13. WARRANTIES. Seller warrants to Buyer that all equipment or parts thereof
manufactured by it will be free from defects in material and workmanship only, under
normal use and service, for a period of one year from the date of original shipment.
The Seller shall not be liable for any loss of profit, loss by reason of plant shutdown,
non-operation or increased cost of operation, loss of product or materials, or other
special or consequential loss or damages. This warranty will not apply to any
equipment (or parts thereof) which have been subjected to accident, alteration,
abuse, or misuse. THIS WARRANTY IS IN LIEU OF ALL OTHER WARRANTIES,
EXPRESSED OR IMPLIED (INCLUDING THE IMPLIED WARRANTIES OF
MERCHANTABILITY AND FITNESS FOR A PARTICULAR PURPOSE) and of all
other obligations or liabilities on the part of the Seller, and the Seller will neither
assume nor authorize any other person to assume for it any other obligation or
liability in connection with this equipment.
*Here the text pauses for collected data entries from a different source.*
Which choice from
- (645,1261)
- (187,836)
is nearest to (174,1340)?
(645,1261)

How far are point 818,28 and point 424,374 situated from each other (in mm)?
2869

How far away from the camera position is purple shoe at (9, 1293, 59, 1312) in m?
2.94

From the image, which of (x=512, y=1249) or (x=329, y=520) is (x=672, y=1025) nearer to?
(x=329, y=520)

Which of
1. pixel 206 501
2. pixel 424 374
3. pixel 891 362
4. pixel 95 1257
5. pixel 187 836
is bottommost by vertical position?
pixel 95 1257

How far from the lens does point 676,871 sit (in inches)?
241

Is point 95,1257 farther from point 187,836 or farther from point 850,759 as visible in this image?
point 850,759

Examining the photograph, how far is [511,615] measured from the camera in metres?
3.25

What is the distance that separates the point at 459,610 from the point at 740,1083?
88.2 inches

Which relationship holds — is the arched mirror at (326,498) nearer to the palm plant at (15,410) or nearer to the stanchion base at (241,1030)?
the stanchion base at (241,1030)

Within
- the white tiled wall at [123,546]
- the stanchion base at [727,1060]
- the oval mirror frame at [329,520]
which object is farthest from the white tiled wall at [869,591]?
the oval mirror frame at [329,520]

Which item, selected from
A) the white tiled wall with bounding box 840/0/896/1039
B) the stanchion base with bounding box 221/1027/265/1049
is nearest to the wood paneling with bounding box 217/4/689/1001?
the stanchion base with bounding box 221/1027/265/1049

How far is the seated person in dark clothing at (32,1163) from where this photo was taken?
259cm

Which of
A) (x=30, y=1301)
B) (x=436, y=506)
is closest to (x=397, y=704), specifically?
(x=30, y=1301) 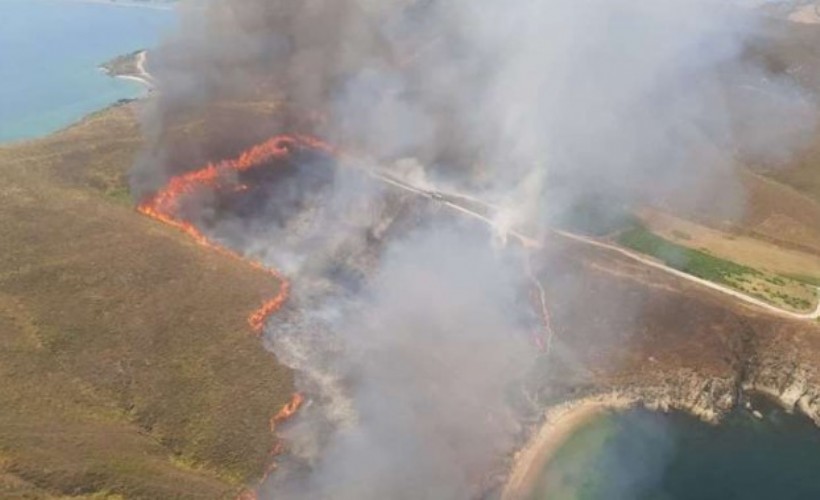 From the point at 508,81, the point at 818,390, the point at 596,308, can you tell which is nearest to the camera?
the point at 818,390

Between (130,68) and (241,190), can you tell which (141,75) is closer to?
(130,68)

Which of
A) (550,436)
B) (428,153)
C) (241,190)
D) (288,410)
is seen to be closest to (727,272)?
(550,436)

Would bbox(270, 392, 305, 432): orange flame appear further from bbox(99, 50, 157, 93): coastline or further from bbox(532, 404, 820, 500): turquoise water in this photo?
bbox(99, 50, 157, 93): coastline

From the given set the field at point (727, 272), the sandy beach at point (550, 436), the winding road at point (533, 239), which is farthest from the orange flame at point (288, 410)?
the field at point (727, 272)

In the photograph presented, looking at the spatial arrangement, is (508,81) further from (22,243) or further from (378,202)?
(22,243)

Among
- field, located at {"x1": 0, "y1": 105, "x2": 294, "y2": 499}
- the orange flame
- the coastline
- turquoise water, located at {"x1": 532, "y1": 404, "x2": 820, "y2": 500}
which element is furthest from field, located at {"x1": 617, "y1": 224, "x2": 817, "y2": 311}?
the coastline

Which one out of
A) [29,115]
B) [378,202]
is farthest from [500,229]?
[29,115]

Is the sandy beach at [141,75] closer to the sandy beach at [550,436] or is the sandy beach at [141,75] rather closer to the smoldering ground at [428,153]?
the smoldering ground at [428,153] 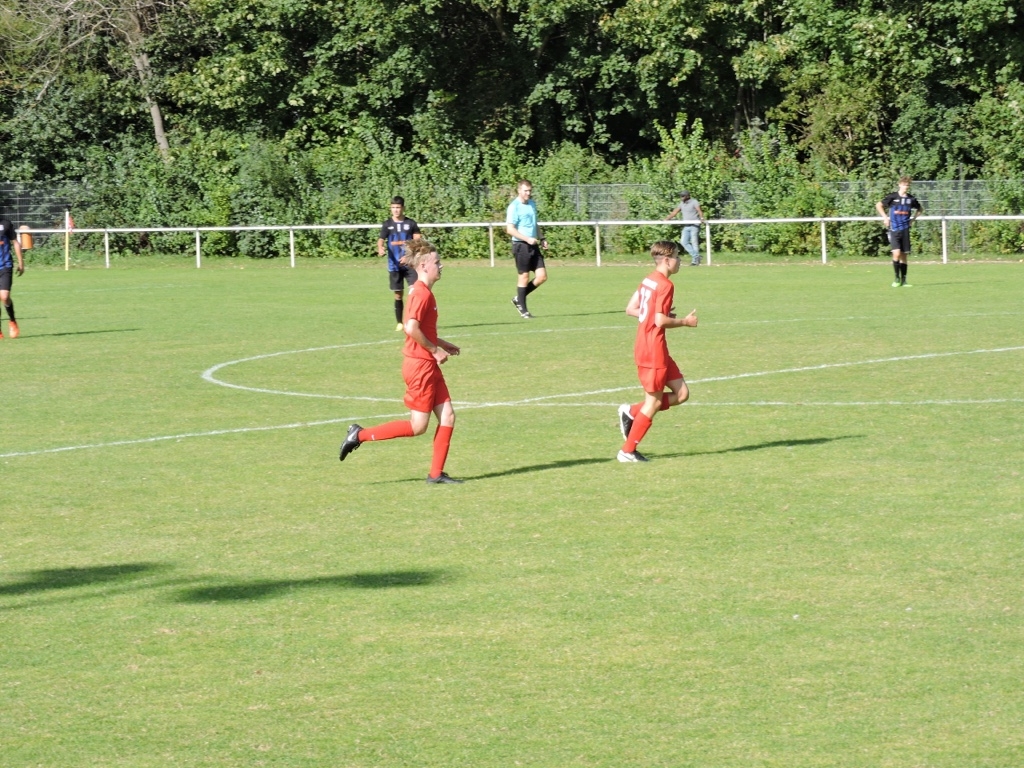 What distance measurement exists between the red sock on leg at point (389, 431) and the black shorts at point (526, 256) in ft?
40.4

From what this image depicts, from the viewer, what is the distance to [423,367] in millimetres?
A: 10836

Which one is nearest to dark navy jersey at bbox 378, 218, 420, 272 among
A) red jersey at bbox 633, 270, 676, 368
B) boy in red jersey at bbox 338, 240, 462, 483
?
red jersey at bbox 633, 270, 676, 368

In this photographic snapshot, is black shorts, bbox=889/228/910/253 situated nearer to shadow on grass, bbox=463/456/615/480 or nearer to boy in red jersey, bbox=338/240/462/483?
shadow on grass, bbox=463/456/615/480

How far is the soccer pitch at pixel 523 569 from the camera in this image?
19.7 feet

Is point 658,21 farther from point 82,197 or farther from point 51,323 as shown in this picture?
point 51,323

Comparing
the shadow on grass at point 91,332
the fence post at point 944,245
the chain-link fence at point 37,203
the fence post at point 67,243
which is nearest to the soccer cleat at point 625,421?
the shadow on grass at point 91,332

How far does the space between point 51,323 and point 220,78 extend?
2641cm

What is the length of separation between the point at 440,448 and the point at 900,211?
60.9ft

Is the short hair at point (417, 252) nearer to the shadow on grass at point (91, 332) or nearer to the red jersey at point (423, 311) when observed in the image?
the red jersey at point (423, 311)

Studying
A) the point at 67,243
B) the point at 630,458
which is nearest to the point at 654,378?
the point at 630,458

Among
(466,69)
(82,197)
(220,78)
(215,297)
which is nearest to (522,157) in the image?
(466,69)

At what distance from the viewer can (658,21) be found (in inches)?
1790

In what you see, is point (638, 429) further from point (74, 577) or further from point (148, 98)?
point (148, 98)

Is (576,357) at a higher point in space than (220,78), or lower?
lower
Our liability shall be limited to the purchase
price of this equipment.
This Warranty does not extend to products or components not manufactured by the
Seller, but furnished as part of its equipment (for example: motors, starters,
thermometers, controls, etc.), as to such products and components Seller conveys to
Buyer the warranty, if any, of Seller’s suppliers, to the extent transferable without
additional cost to Seller.
Permission to return any parts or equipment must be obtained, in writing, and must
be returned with transportation costs prepaid. In the event that equipment (or parts
thereof) manufactured by the Seller is returned to the plant, the Seller’s obligation will
be limited to repairing or replacing parts which upon examination are found (to the
satisfaction of the Seller) to be defective in either material or workmanship, or at its
option, to refund the purchase price of the defective portion. No transportation
charges will be paid by the Seller unless written approval for transportation charges is
given by the Seller. Should an in-warranty failure occur, and it is, in the judgment of
the Seller, impractical to return the equipment for repairs, the Seller, if it elects to
repair or replace the same, will arrange for the repairs to be made by its personnel,
sublet to a qualified Seller, grant an allowance for the repairs or replacements as
provided below, or refund the purchase price of the defective portion. The Buyer will
be expected to cooperate by making the equipment available and accessible when
the work is scheduled and is expected to provide the necessary utilities. If Seller
elects to grant an allowance, the Seller’s obligation shall be limited to labor costs in
an amount equal to the amount which would be payable for a reasonable number of
hours required to make the repairs at the rates Seller would have paid to its
employees, replacement costs, not exceeding the purchase price paid by Buyer for
the defective portion, and in such event, all labor and replacement costs shall be paid
by the Buyer and the Seller will reimburse such costs to the extent set forth above.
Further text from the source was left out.